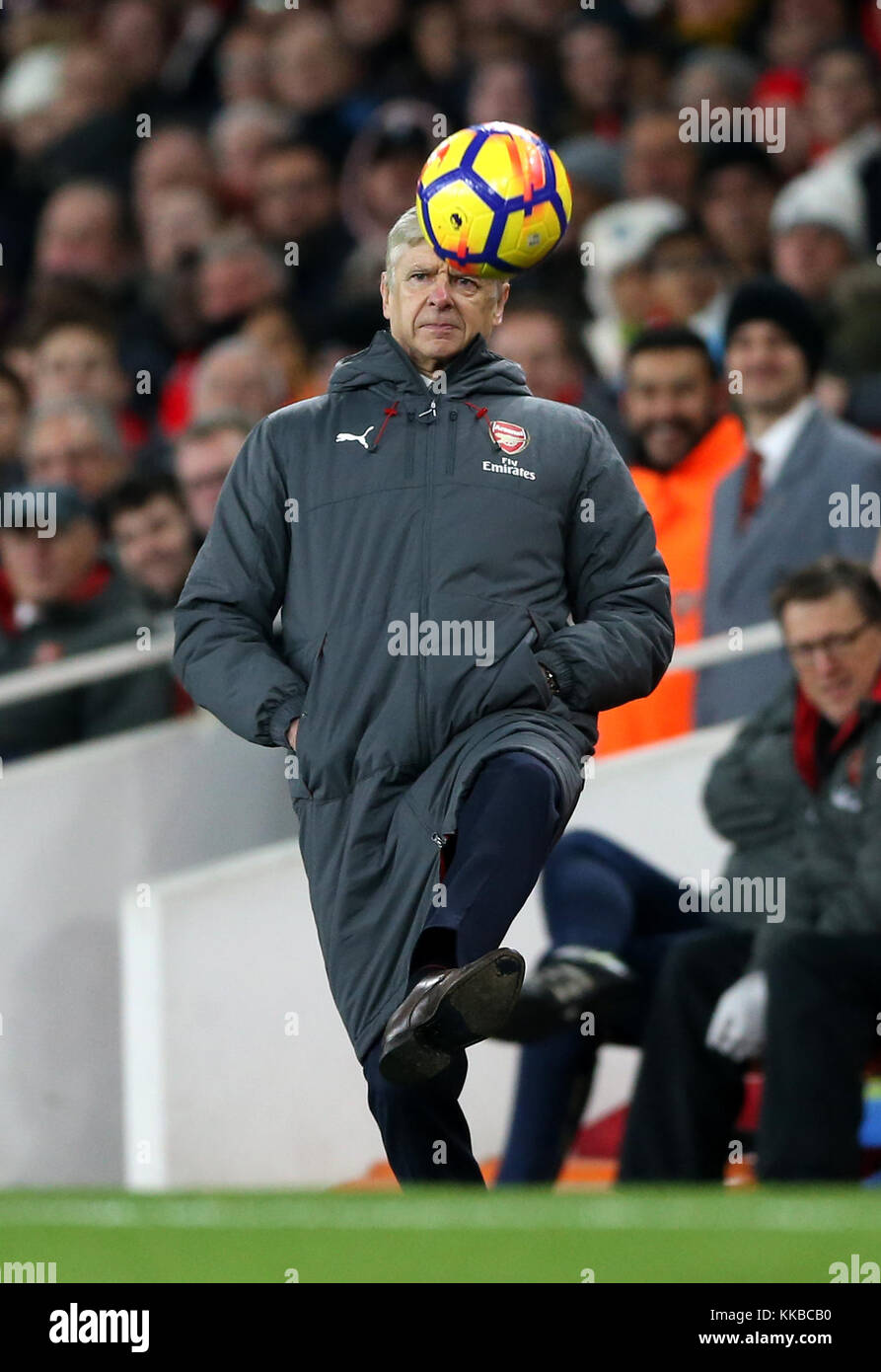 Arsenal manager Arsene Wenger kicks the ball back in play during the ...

######

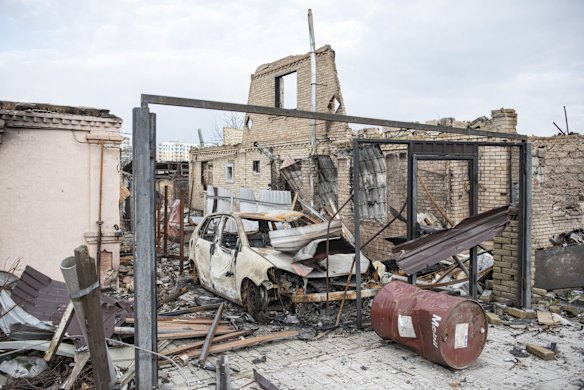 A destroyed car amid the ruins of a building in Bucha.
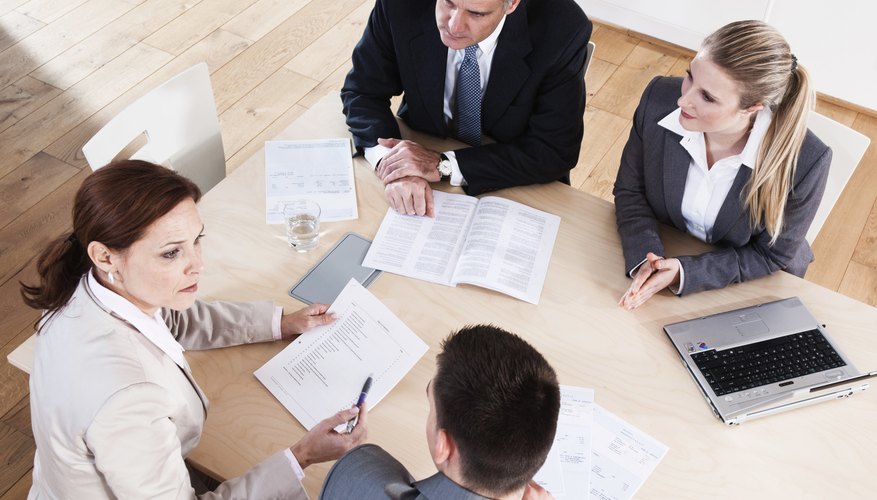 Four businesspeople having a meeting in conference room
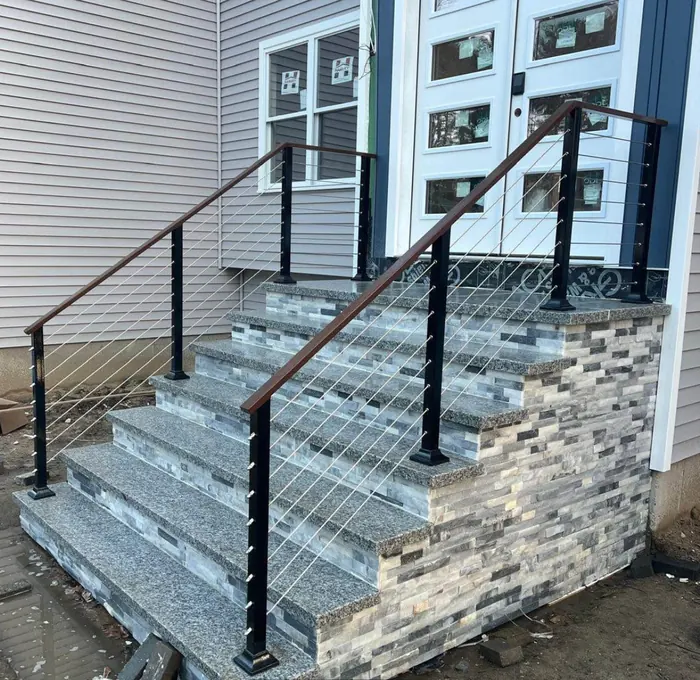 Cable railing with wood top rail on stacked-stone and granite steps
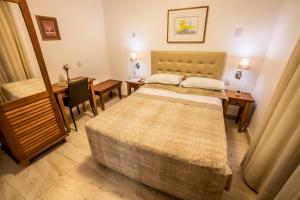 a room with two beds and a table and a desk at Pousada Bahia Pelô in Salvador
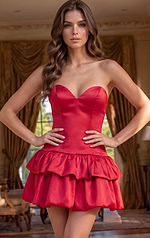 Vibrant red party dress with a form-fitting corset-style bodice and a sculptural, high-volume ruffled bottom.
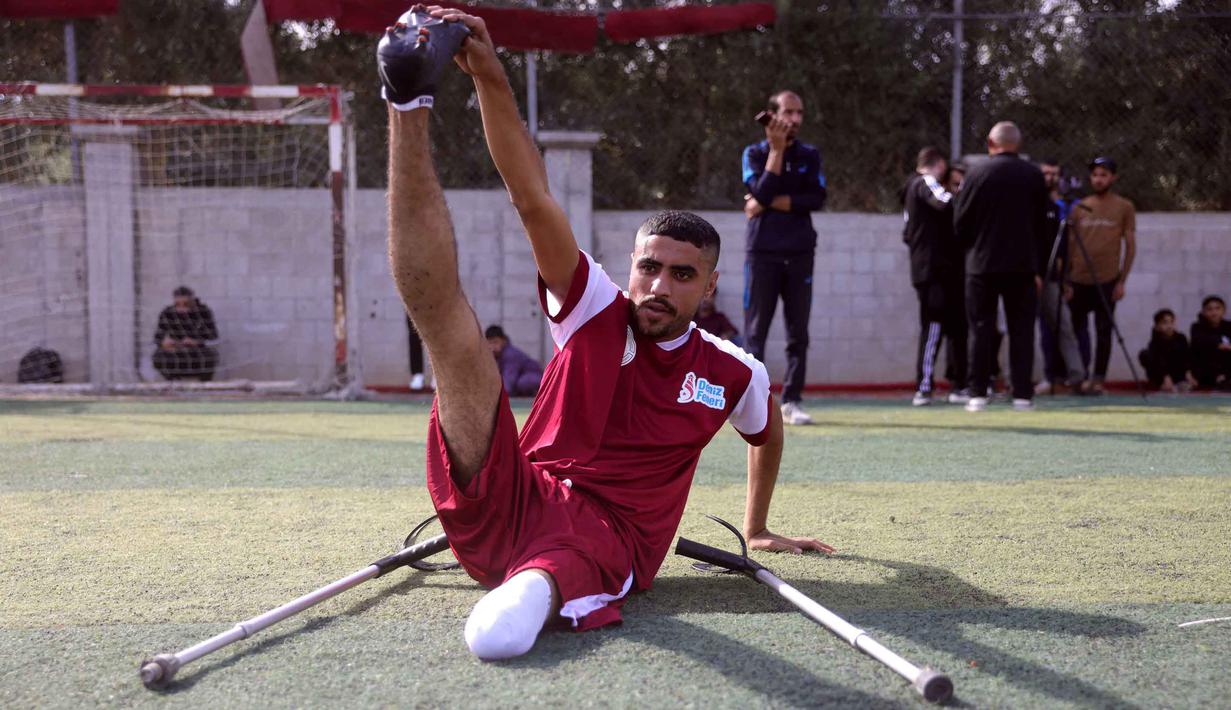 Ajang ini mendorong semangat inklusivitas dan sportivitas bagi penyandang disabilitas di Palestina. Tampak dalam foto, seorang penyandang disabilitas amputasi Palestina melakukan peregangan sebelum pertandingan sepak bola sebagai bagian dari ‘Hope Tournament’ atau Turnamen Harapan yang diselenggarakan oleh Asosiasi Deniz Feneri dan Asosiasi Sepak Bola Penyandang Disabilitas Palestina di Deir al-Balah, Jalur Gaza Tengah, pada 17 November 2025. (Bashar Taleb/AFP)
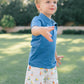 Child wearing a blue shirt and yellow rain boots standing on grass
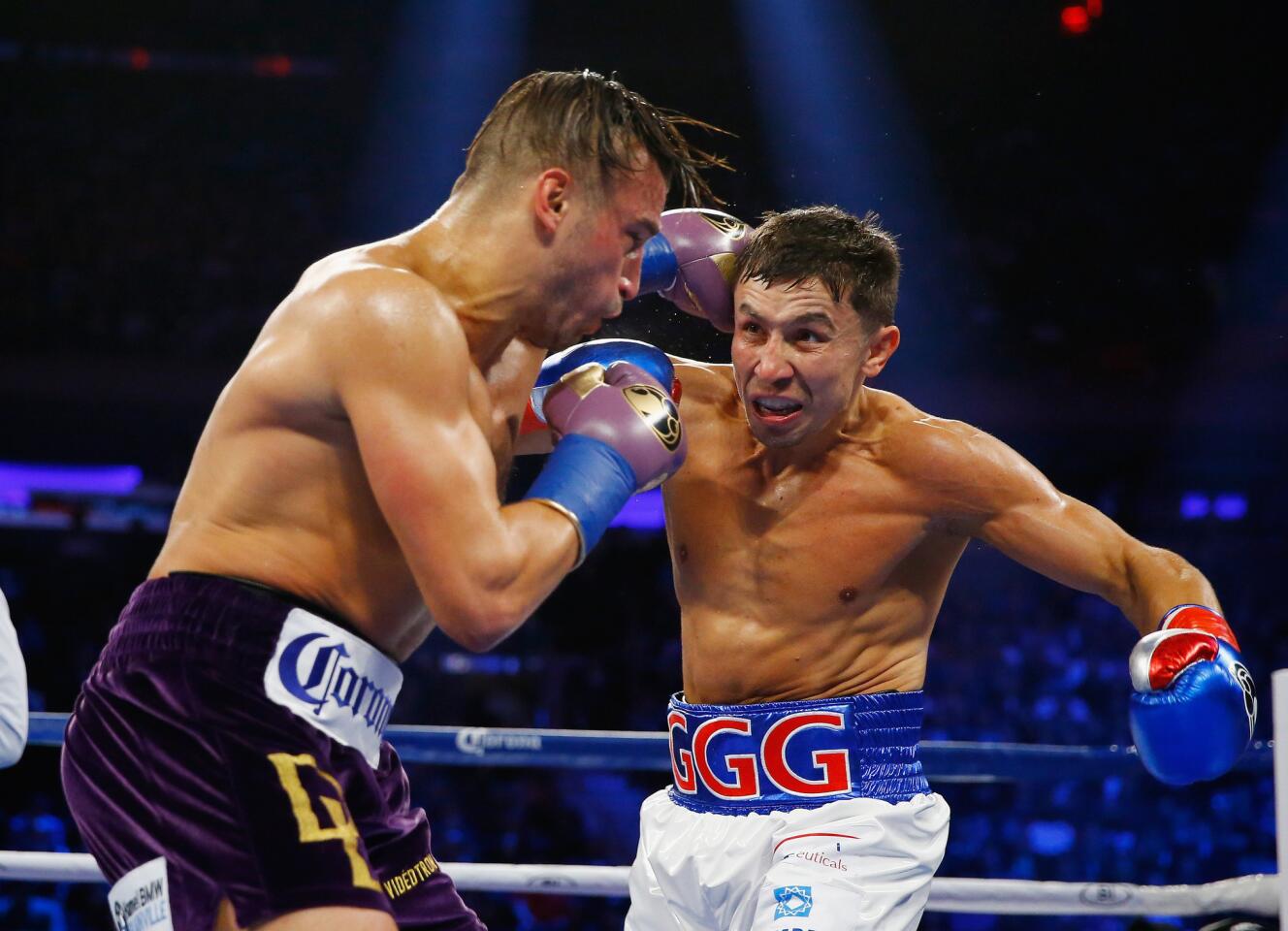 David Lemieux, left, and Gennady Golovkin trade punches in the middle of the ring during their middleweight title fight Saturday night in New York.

######

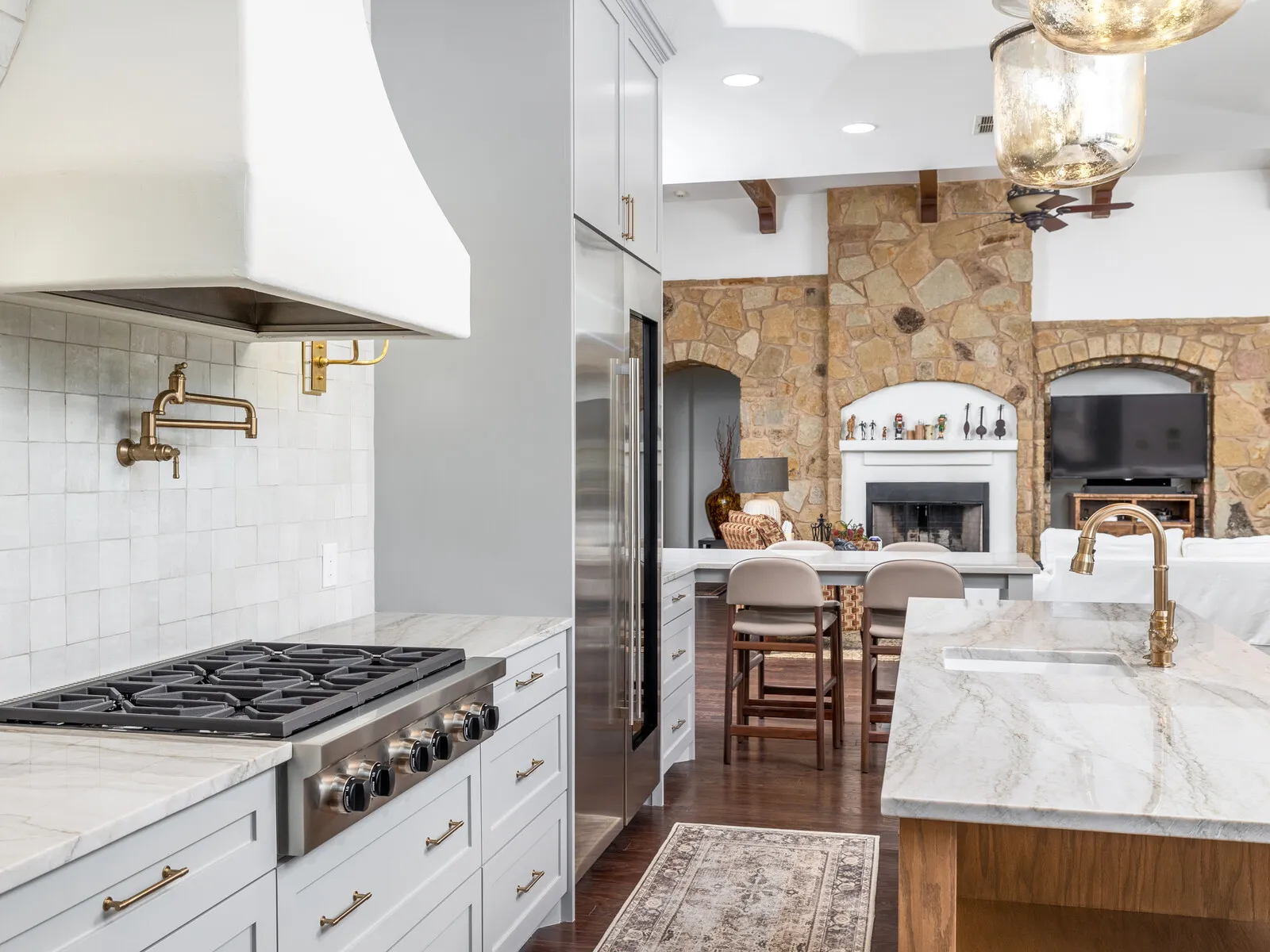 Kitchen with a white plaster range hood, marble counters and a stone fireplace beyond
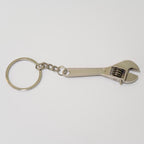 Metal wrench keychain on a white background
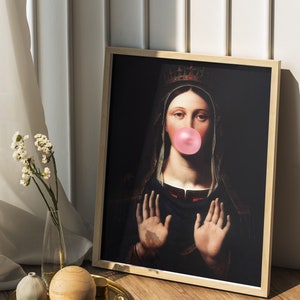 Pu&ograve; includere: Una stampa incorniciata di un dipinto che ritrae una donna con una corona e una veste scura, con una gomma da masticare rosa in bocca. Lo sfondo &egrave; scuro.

######

Leave the pictures out. Output, exactly, the lines of the material above starting at the line containing "a room with" and ending at the line containing "David Lemieux, left, and".

 a room with two beds and a table and a desk at Pousada Bahia Pelô in Salvador
 Vibrant red party dress with a form-fitting corset-style bodice and a sculptural, high-volume ruffled bottom.
 Ajang ini mendorong semangat inklusivitas dan sportivitas bagi penyandang disabilitas di Palestina. Tampak dalam foto, seorang penyandang disabilitas amputasi Palestina melakukan peregangan sebelum pertandingan sepak bola sebagai bagian dari ‘Hope Tournament’ atau Turnamen Harapan yang diselenggarakan oleh Asosiasi Deniz Feneri dan Asosiasi Sepak Bola Penyandang Disabilitas Palestina di Deir al-Balah, Jalur Gaza Tengah, pada 17 November 2025. (Bashar Taleb/AFP)
 Child wearing a blue shirt and yellow rain boots standing on grass
 David Lemieux, left, and Gennady Golovkin trade punches in the middle of the ring during their middleweight title fight Saturday night in New York.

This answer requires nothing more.